Set in the tiny island of Piffling Vale in the English Channel and narrated by a house mouse, Wooden Overcoats recounts the tale of rival funeral homes and their proprietors. The show, which is wonderfully written, has amassed a cult following because of its wacky storylines, laugh-out-loud dialogue, and loveable characters. While each episode usually features a standalone story, the overarching story arc ensures that the characters grow and evolve from one season to the next. Wooden Overcoats is the rare audio drama with a fantastic re-listen value. Listen at


Season 1 of Limetown shot to the top of the US Tunes podcast chart within two months of its release and earned a place in nearly every single ‘best of 2015’ podcasts list. Narrated by fictional public radio journalist Lia Haddock, the podcast explores the disappearance of over 300 inhabitants from Limetown, a fictitious small town in Tennessee. The gripping storyline, rife with shocking twists and cliffhangers, makes this one of the most binge-worthy podcasts out there. Season 2 of the podcast, released in 2018, was not as well received as the first, but is still a worthy listen that provides more context to the investigation as well as the events of the first season. The popularity of the podcast has also spawned a prequel novel and a TV series on Facebook Watch. Listen at

Eos 10

Eos 10 tells, in their own words, the story of two maladjusted doctors in one space station. Along for the ride are a spunky nurse, a hypochondriac deposed prince who works in the food court kitchen and a very sassy AI operating system. The show depicts the adventures of this motley crew aboard the eponymous space station. With a stellar voice cast and excellent plotting, the podcast will fill the science fiction comedy void in your entertainment roster. Listen at

The Thrilling Adventure Hour

Created in the style of old-time radio broadcasts, The Thrilling Adventure Hour returned with new episodes in October 2018 after its initial 10-year run from 2005 to 2015. Each episode of the podcast’s first run featured recordings of live productions featuring an all-star cast of voices including Paget Brewster, Paul F Tompkins, Nathan Fillion, and Marc Evan Jackson. Current episodes are recorded exclusively in the studio.

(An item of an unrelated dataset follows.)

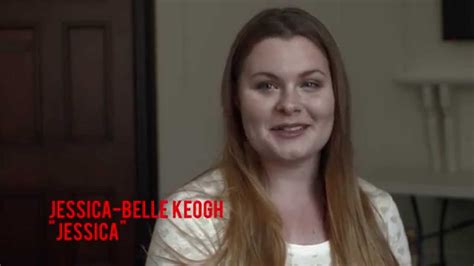 Ehtcs The Merchant Of Venice Introducing Jessica Belle Keogh Youtube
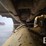 2021-caterpillar-d3-lgp-image-28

The podcast has numerous sub-sections. Each segment features a repeating cast of characters. So, for instance, the ‘Beyond Belief’ segment depicts the adventures of a dipsomaniac married couple with an affinity for the paranormal while the ‘Sparks Nevada, Marshal on Mars’ is a space western. There are several other segments — each with their cast of wacky characters and irrepressible hijinks. The Thrilling Adventure Hour is fun for all ages and perfect listening for a long road trip. Listen at

The Truth

If you would prefer to listen to standalone stories or like something more contemporary, The Truth might be right up your alley. Most episodes are less than half an hour long and feature short plays from a wide variety of genres including science fiction, horror, romance and comedy. The show is wonderfully produced, and writer and producer Jonathan Mitchell has been critically acclaimed for the inventive storytelling in the podcast. With rich atmospheric music and intriguing storylines, The Truth does indeed live up to its stated purpose of making movies for your ears. Listen at

The Magnus Archives

Horror podcasts are fantastic for recounting tales of the eerie and unnatural — both because listening to these tales allows your imagination to conjure up spectres that are often more unnerving than any special effects creation and perhaps also because it brings back fond childhood memories of swapping scary stories.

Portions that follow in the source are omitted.